Sobrepaira, soberanamente, como princípio geral, a regra da imutabilidade do contrato privado. A presença da Administração Pública traz, contudo, às relações bilaterais das quais participe um regime jurídico especial que se distingue do regime de direito comum: o contrato de direito privado transfigura-se no contrato administrativo.
De logo se destaca, no contrato administrativo, o fim de interesse público, de tal modo que a tônica do contrato se desloca da simples harmonia de interesses privados para a satisfação de uma finalidade coletiva, no pressuposto da utilidade pública do objeto do contrato.
O princípio da igualdade entre as partes cede passo ao da desigualdade no sentido da prerrogativa atribuída ao Poder Público de fazer variar a obrigação da outra parte na medida necessária à consecução do fim de interesse público, que é o alvo da atividade estatal”. (Caio Tácito: BLC nº 3/97, p. 116)
O entendimento sobre a mutabilidade unilateral dos contratos administrativos e o seu fundamento – a realização do interesse público primário – poder ser confirmado observando-se o próprio conceito de contrato administrativo.
Celso Antônio Bandeira De Mello (MELLO, 1998) define-o como “um tipo de avença travada entre a Administração e terceiros na qual, por força de lei, de cláusulas pactuadas ou do tipo de objeto, a permanência do vínculo e as condições preestabelecidas assujeitam-se a cambiáveis imposições de interesse público, ressalvados os interesses patrimoniais do contratante privado”.

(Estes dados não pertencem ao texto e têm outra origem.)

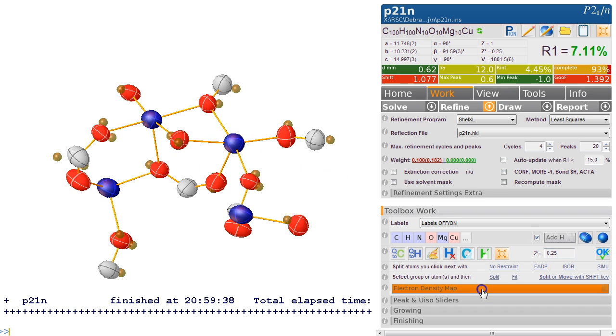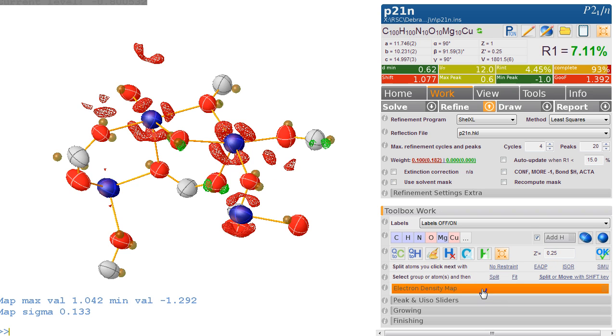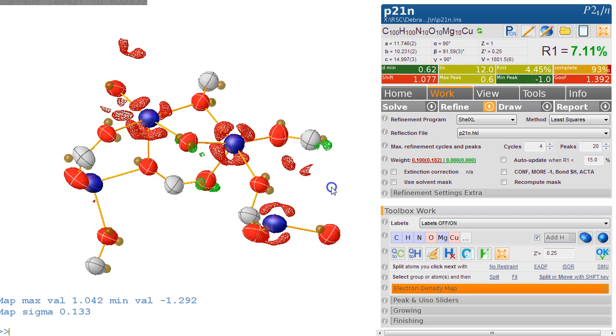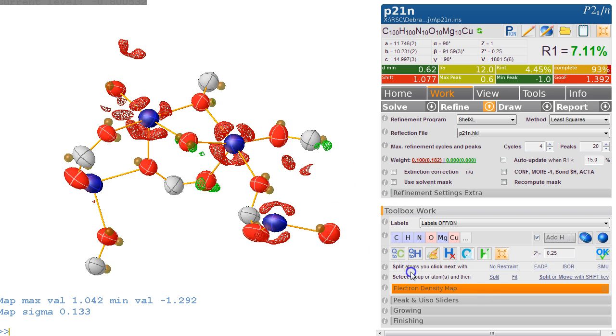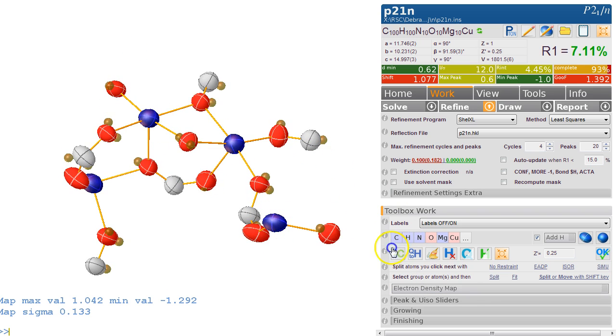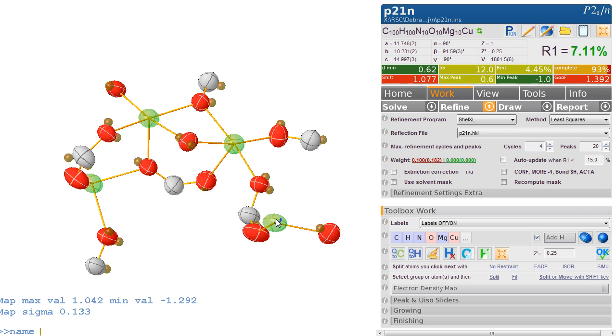We can look at the electron density map and yes, it does confirm it—there's too much electron density assigned here. So let's try for something obvious, maybe iron. So we go 'name Fe' and we refine this again.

No entanto, em que pese o caráter de mutabilidade unilateral dos contratos administrativos, a administração deve, em regra, evitar tais alterações, pois estas acabam por desnaturar as condições originalmente pactuadas.
Neste sentido, colaciona-se o entendimento do TCU, por meio do acórdão n.º 1.755/2004-Plenário: “(…) o gestor público deve adotar todas as precauções de forma a minimizar a eventual necessidade de alterações contratuais, pois toda e qualquer modificação do contrato acaba por desnaturar as condições originalmente licitadas e pactuadas”.

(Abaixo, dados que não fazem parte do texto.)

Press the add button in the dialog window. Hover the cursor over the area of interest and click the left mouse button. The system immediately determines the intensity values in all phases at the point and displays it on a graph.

Insta esclarecer também que a alteração contratual não constitui ato discricionário da administração contratante, tomado por juízo de conveniência e oportunidade. Exige-se desta a devida exposição dos motivos ensejadores da mudança contratual. Veja as lições de (JUSTEN FILHO, 2005):
“A Administração, após realizar a contratação, não pode impor alteração da avença mercê da simples invocação da sua competência discricionária. Essa discricionariedade já se exaurira porque exercida em momento anterior e adequado. A própria Súmula n. 473 do STF representa obstáculo à alteração contratual que se reporte apenas à discricionariedade administrativa. A Administração tem de evidenciar, por isso, a superveniência de motivo justificador da alteração contratual. Deve evidenciar que a solução localizada na fase interna da licitação não se revelou, posteriormente, como a mais adequada. Deve indicar que os fatos posteriores alteraram a situação de fato ou de direito e exigem um tratamento distinto daquele adotado. Essa interpretação é reforçada pelo disposto no art. 49, quando ressalva a faculdade de revogação da licitação apenas diante de “razões de interesse público decorrente de fato superveniente (…).”

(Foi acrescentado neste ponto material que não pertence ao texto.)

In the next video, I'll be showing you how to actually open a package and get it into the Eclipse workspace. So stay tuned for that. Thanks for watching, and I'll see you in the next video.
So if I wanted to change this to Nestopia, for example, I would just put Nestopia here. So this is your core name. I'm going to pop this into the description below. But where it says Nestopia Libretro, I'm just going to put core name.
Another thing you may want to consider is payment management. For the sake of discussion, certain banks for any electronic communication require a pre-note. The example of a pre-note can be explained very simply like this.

De todo modo, é possível a alteração do contrato administrativo para atender ao interesse público. Tais modificações, contudo, precisam estar limitadas por certas balizas legais a fim de assegurar a boa gestão da coisa pública e a preservação dos princípios a que o instituto do contrato administrativo visa preservar. Daí a disciplina do art. 65, I, da Lei 8.666/93, confira-se:
“Art. 65. Os contratos regidos por esta Lei poderão ser alterados, com as devidas justificativas, nos seguintes casos:
I – unilateralmente, pela Administração:
II – por acordo das partes:
I – VETADO;
II – as supressões resultantes de acordo celebrado entre os contratantes.
No artigo 65 são elencadas as diferentes hipóteses de alterações nos contratos administrativos, sejam elas unilaterais (inciso I) ou consensuais (inciso II).
As alterações consensuais são aquelas na qual a Administração e o contratado pactuam alterações que visam adequar as condições de execução do objeto do contrato ou a promover o reequilíbrio econômico-financeiro do mesmo (art. 65, II, da Lei nº 8.666/93).
As alterações unilaterais, por sua vez, são aquelas passíveis de serem promovidas pela Administração Pública independentemente da concordância do contratado, visando, sempre, garantir o atendimento do interesse público primário, estando condicionadas pelos termos da Lei de Licitações e Contratos Administrativos (art. 58, I, c/c art. 65, I, da Lei nº 8.666/93).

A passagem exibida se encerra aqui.